Poster
in
Workshop: I Can’t Believe It’s Not Better (ICBINB): Failure Modes in the Age of Foundation Models
An Examination of the Robustness of Reference-Free Image Captioning Evaluation Metrics
Saba Ahmadi · Aishwarya Agrawal
Recently, reference-free metrics such as CLIPScore Hessel et al. (2021) and UMIC Lee et al. (2021) have been proposed for automatic evaluation of image captions. Our focus lies in evaluating the robustness of these metrics in scenarios that require distinguishing between two captions with high lexical overlap but very different meanings.
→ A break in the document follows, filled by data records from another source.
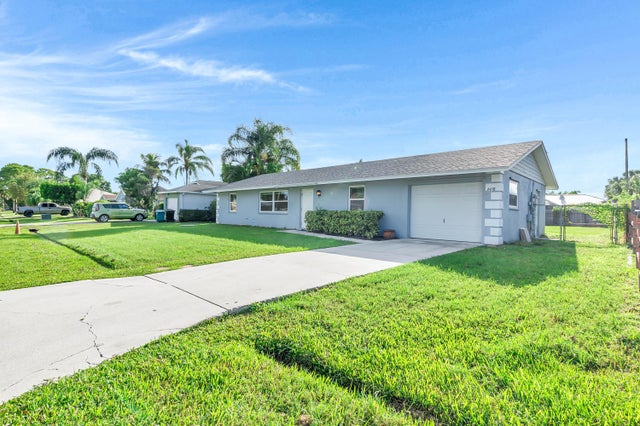 3 of 33 - 2458 Sw Hinchman Street, Port Saint Lucie, FL
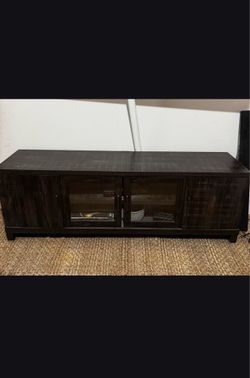 Entertainment center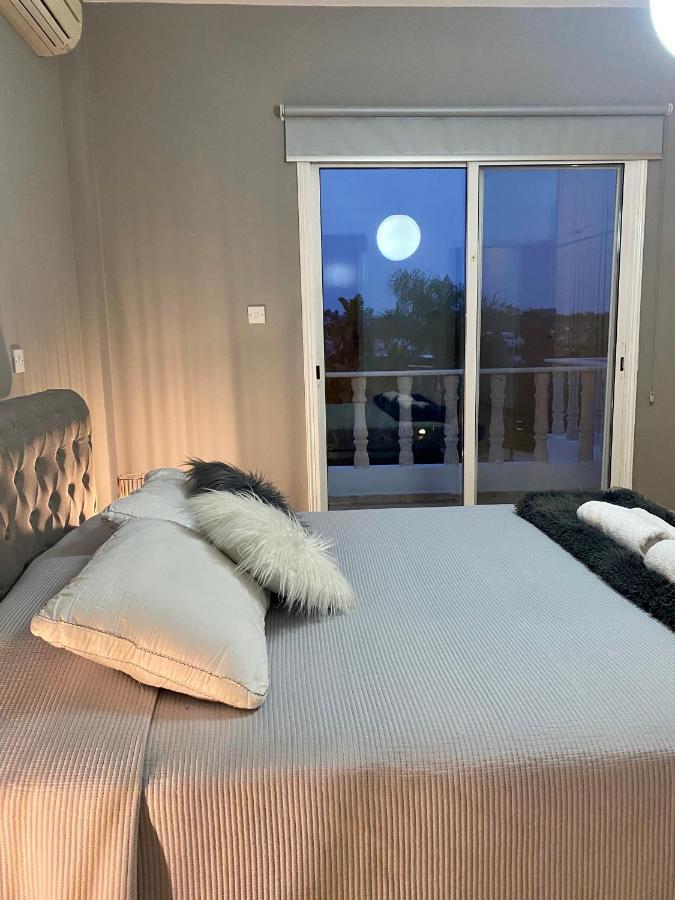 Acropolis Villa 8 Хлоракас Экстерьер фото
Our findings reveal that despite their high correlation with human judgments, both CLIPScore and UMIC struggle to identify fine-grained errors. While both metrics exhibit strong sensitivity to visual grounding errors, their sensitivity to caption implausibility errors is limited. Furthermore, we found that both metrics are sensitive to variations in the size of image-relevant objects mentioned in the caption, while CLIPScore is also quite sensitive to the number of mentions of image-relevant objects in the caption. Regarding linguistic aspects of a caption, both metrics show weak comprehension of negation, UMIC is majorly impacted by the caption length, and CLIPScore is insensitive to the structure of the caption to a great extent. We hope our findings will guide further improvements in reference-free evaluation of image captioning.